#### Problem to work on
Output, word for word and without pictures, the lines from the one containing "These options allow" through the final line of the listing below.

#### Data
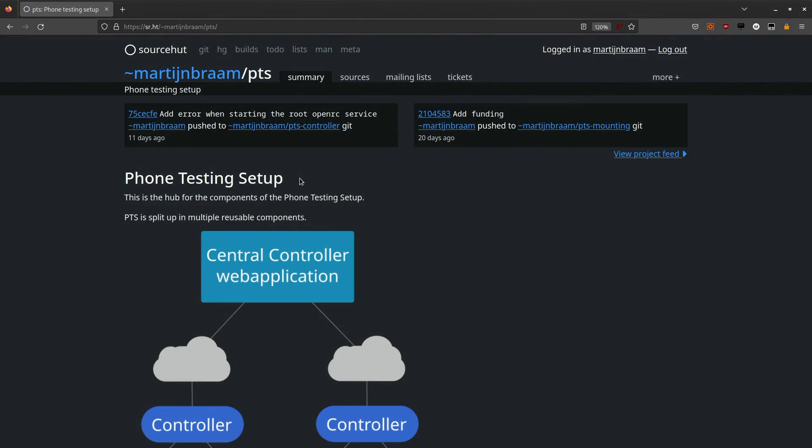Hello, this video is about the phone testing setup. This is a system I've been working on for the last two months, and it is a system for automated testing of PostmarketOS devices.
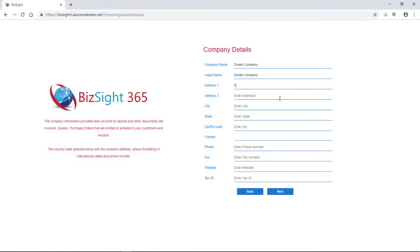And this information is used for your purchase orders, invoices, anywhere you see your own company address and information. So you're setting all that up.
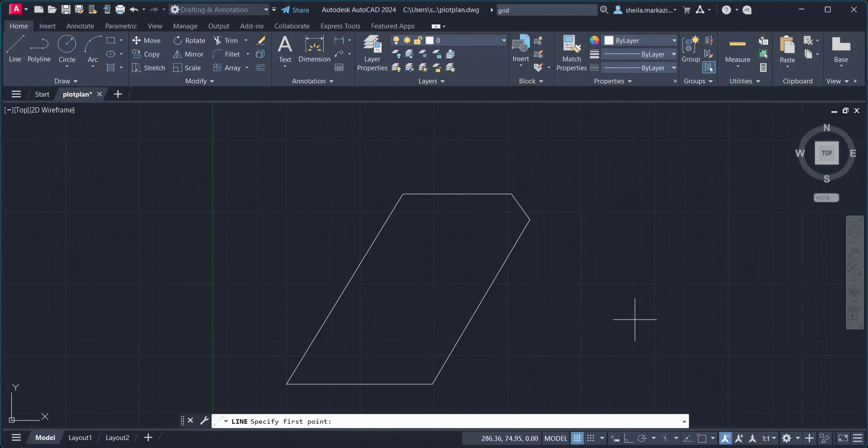These options allow you to manipulate the appearance and placement of the rectangle before it is drawn. Chamfer and Fillet are options that change the corners of the rectangle. Elevation and Thickness are options best used in 3D modeling. The Width option allows you to specify a width for the lines making up the rectangle.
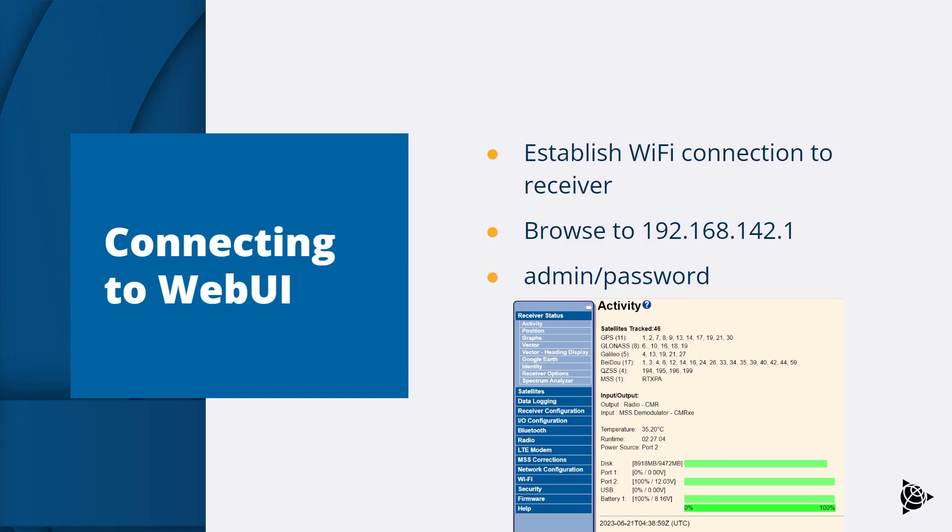Open the web browser on your computer and browse to 192.168.142.1 to access the web interface. The default login is admin and password. The web UI will now be displayed.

#### Task response
These options allow you to manipulate the appearance and placement of the rectangle before it is drawn. Chamfer and Fillet are options that change the corners of the rectangle. Elevation and Thickness are options best used in 3D modeling. The Width option allows you to specify a width for the lines making up the rectangle.
Open the web browser on your computer and browse to 192.168.142.1 to access the web interface. The default login is admin and password. The web UI will now be displayed.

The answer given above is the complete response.